I’m trying to use what works for de-en with hi-en, another language pair. While de-en at leasts manage to overfit using the training data and gets me decent translation results, hi-en isn’t going beyond 35-45% accuracy and 90ish perplexity. Feeling overly optimistic, I ran translation on the test set as well - nearly everything is unknown.
I do not know what tokenization is enabled at this point. I’m kinda running OpenNMT-py as a black box, hoping it’ll get some baseline results. I didn’t take it through the perl tokenization script - perhaps that’s one huge mistake.
Model options - I just used the usual source target, 30 epochs, 5 layers (enc + dec).
How do I enable this. In the source I can find an MLP and some PositionalEncoding - reading code is turning out to be cumbersome - is there some documentation?

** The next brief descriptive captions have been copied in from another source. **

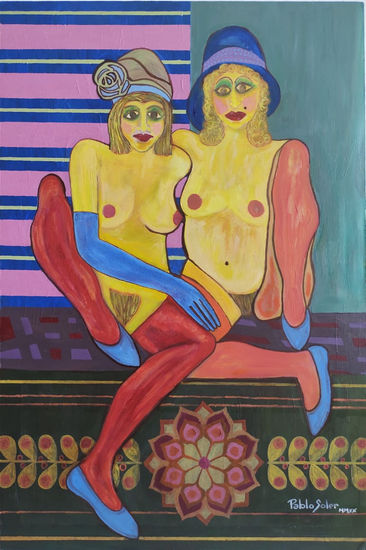 Las pupilas Oil Panel Nude Paintings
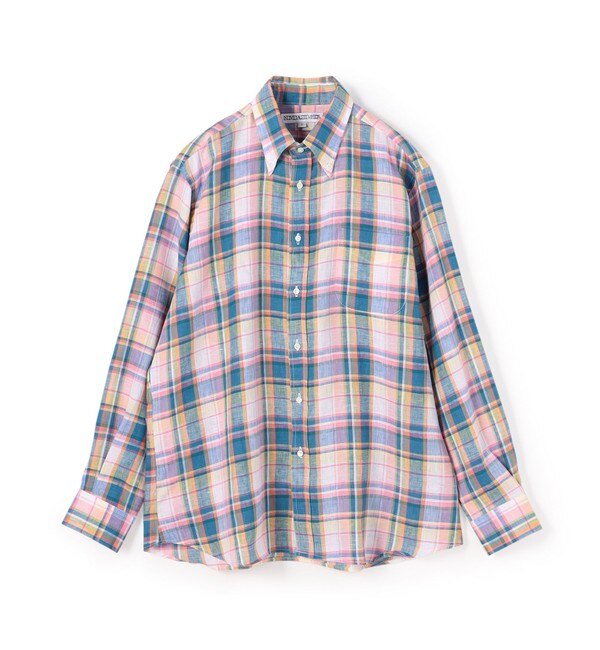 別注】INDIVIDUALIZED SHIRTS リネン ボタンダウンシャツ|TOMORROWLAND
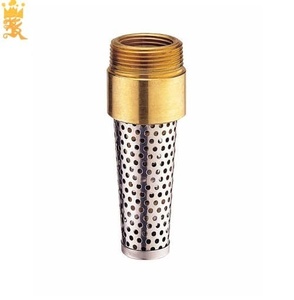 Vanne de refoulement en laiton forgé à haut débit OEM avec filtre et joint NBR EPDM pour pompes d'irrigation, applications générales, puissance hydraulique élevée - Product Image 2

Inconsistent tokenization could lead to such issue (i.e. many target unknowns). You should consider applying a tokenization, even a very basic one. We have some tools in OpenNMT-lua but you can use any scripts that you find useful.
It’s controlled by the feat_merge option but note that it won’t solve your issue.
After some tinkering, I figured out the prediction of lot of unknowns due to the limited vocabulary default of OpenNMT-py.
The training figures are still the same - only close to 30% accuracy, with most predictions being very similar to each other and lesser with the gold translation. My hunch is this is a problem with the corpora I’m using - is there any way to do some analysis and conclusively assert that it’s an issue with the corpora?
In what cases would OpenNMT and underlying methods work and not, w.r.t size and characteristics of the dataset?